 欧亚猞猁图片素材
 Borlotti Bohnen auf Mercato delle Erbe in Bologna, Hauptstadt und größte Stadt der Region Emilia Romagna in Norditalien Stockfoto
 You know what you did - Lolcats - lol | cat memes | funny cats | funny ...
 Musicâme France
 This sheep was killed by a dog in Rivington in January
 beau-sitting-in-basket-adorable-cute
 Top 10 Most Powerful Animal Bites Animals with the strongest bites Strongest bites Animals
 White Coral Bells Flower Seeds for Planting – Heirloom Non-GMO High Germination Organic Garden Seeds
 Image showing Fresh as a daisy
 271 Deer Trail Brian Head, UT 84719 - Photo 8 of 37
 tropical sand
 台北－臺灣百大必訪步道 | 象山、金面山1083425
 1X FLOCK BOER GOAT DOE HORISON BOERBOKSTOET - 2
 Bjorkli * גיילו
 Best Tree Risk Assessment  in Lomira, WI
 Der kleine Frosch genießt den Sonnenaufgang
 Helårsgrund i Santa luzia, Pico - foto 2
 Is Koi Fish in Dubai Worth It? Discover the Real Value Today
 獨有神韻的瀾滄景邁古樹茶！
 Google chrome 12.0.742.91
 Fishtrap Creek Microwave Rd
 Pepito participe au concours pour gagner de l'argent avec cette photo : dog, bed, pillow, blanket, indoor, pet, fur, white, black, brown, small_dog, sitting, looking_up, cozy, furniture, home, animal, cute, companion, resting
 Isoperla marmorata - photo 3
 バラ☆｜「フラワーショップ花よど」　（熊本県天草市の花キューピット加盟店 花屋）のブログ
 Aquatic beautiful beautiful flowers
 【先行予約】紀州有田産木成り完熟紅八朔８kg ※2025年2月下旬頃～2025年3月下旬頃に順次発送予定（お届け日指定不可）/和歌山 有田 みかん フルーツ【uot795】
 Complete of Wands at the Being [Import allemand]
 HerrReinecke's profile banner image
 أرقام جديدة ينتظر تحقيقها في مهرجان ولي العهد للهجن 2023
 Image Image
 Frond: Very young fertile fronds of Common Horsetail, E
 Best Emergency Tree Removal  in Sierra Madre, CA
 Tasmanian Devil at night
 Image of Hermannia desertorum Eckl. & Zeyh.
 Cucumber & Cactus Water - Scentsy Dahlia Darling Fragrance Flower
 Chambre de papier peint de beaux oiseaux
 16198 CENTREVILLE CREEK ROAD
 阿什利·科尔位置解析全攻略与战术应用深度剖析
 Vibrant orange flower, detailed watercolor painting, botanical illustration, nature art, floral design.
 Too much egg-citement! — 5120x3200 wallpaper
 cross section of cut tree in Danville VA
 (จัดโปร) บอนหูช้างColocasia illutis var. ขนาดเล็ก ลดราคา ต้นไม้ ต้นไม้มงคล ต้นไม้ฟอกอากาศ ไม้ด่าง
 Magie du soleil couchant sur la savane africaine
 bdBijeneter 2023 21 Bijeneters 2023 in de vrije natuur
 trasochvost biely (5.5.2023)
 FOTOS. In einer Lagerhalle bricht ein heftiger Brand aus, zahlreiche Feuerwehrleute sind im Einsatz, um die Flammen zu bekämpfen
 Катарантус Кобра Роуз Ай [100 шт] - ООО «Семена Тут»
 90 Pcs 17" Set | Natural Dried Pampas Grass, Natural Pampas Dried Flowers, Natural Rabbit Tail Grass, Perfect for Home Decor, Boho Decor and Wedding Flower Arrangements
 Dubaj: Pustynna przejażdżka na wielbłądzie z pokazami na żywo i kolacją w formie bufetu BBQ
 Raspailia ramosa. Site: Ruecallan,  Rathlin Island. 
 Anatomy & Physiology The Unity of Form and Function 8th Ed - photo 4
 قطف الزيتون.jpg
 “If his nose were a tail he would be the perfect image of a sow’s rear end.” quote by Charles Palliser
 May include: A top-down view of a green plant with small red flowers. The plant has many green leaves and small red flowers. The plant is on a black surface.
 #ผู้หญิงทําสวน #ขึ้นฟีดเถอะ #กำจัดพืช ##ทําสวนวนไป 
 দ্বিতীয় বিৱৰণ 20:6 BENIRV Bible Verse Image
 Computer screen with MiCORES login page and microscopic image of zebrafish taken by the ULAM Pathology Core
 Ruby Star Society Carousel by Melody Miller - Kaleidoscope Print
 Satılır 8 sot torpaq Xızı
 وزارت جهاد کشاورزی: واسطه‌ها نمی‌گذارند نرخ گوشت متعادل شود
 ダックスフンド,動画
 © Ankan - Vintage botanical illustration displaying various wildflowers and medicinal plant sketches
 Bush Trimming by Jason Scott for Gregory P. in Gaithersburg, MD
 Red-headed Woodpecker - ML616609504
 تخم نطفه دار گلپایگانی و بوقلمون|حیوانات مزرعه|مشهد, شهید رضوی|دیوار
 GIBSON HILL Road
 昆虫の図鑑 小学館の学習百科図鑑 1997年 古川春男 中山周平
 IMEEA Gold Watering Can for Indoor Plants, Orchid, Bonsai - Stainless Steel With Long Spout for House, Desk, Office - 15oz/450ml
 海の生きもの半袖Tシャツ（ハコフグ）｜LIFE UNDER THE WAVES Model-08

*The task*. One number is the full answer: how many lines of the records include the string "illustration".

*Problem solution*. 2